Former President Koroma had no constitutional right to sack his former Vice President, Alhaji Sam-Sumana, but went ahead and did it and was blindly backed by some of his henchmen within the party and the humpty-dumpty Judiciary we have in the country. Sad, to say the least. While the Supreme Court backed his decision to sack his Vice President, the ECOWAS Community Court of Justice wronged the decision outright and ordered that Chief Sam-Sumana be paid his entire emolument. It is my view that that singular decision of former President Koroma to sack his Vice President contributed greatly to bringing the party down on its knees in the 2018 elections. What was more interesting is that the party and its stalwarts behaved like Mungo Park, who boasted of discovering the Sahara Desert – something that had been in existence before he was brought to the world. They treated the issue with outright complacency hoping that they have the numbers to win the elections, but later came to their senses when they realised that something shocking was about to happen. With their hands within their legs like puppets, they approached Sam-Sumana, whose Coalition For Change party seriously bruised the APC’s ego in Kono, and begged him to declare for them in the run-off. But Sam-Sumana was clever enough to have maintained silence because he would have faced the wrath of his people who voted for him in an outright protest against the injustice meted on him by former President Koroma. I think the APC must have learnt from their mistakes and would make the necessary amends. I am of the firm conviction that nobody was born a dictator and that they should not allow an individual to be more powerful than the party’s structure. Former President Koroma was seen like a demi-god and he took advantage of that to select a candidate against the will of not only the general populace, but also those within the APC.

Many would argue that the party had a wrong choice for the 2018 elections hence they lost. But some would defer because there were several factors that led to the party’s failure to clinch the presidency. Samura Kamara is a fine gentleman with a clean record but the actions of former President Koroma prevented him from being president. To me, I would squarely blame the APC party stalwarts for allowing former President Koroma to do things with reckless abandoned. I was in the hall in Makeni during the delegate’s conference where he talked down on people like children learning koranic lesson in an Islamic school.

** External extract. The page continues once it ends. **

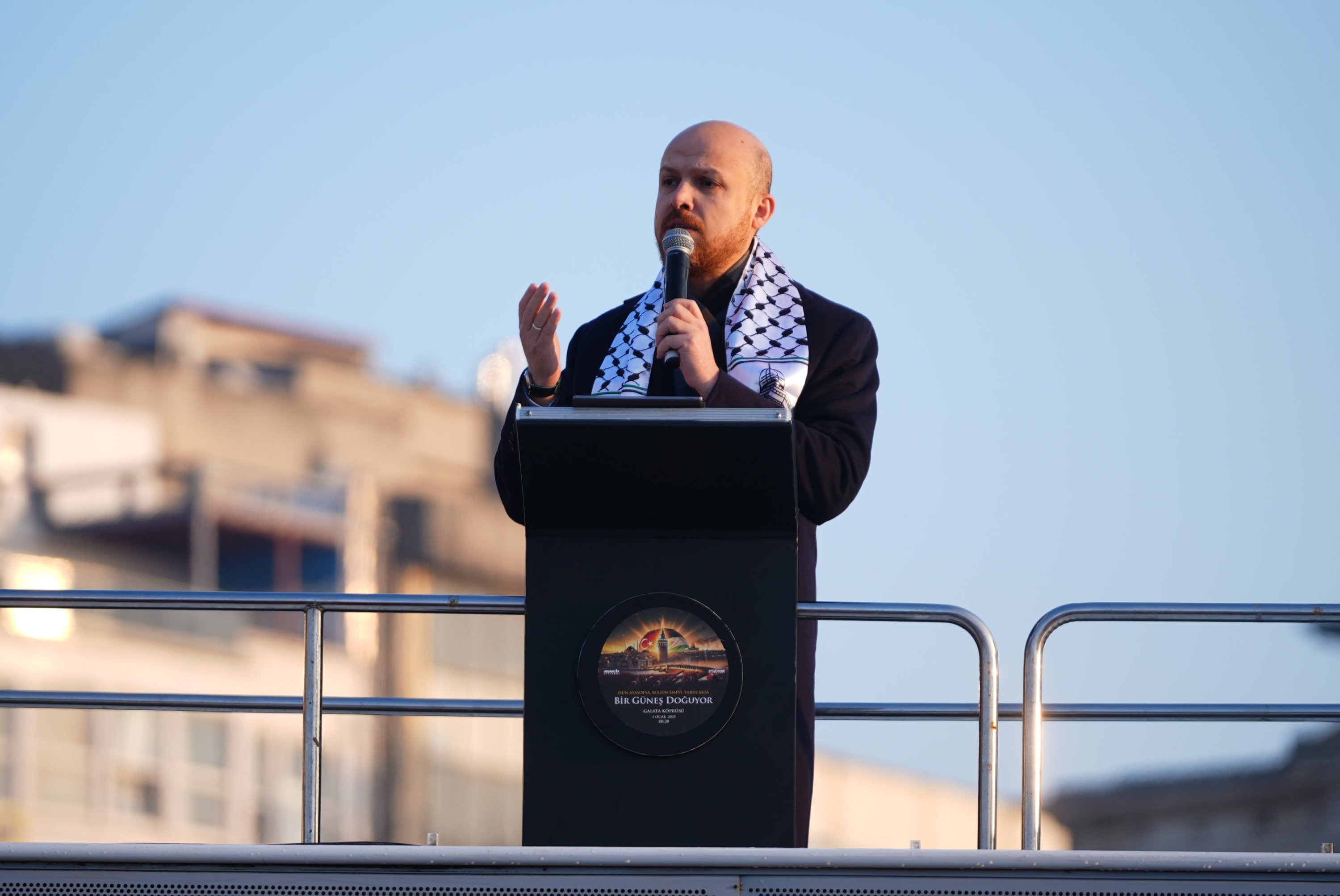 Bilal Erdoğan addresses the rally, in Istanbul, Türkiye, Jan. 1, 2025. (AA Photo)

In his quiet moment at his Goderich residence, President Koroma must be regretting his actions that led to the failure of the party to win the 2018 elections. In his quiet moment, he must be pondering over his outright disregard for the country’s constitution, which he took an oath to uphold, but fumbled along the way. He must be pondering over the numerous toes he stepped on running up to the 2018 elections and should bow his head in utter shame. Like my learned mentor told me earlier, he should have retired as a statesman but could not because he did a lot of odds that would prevent him from being so.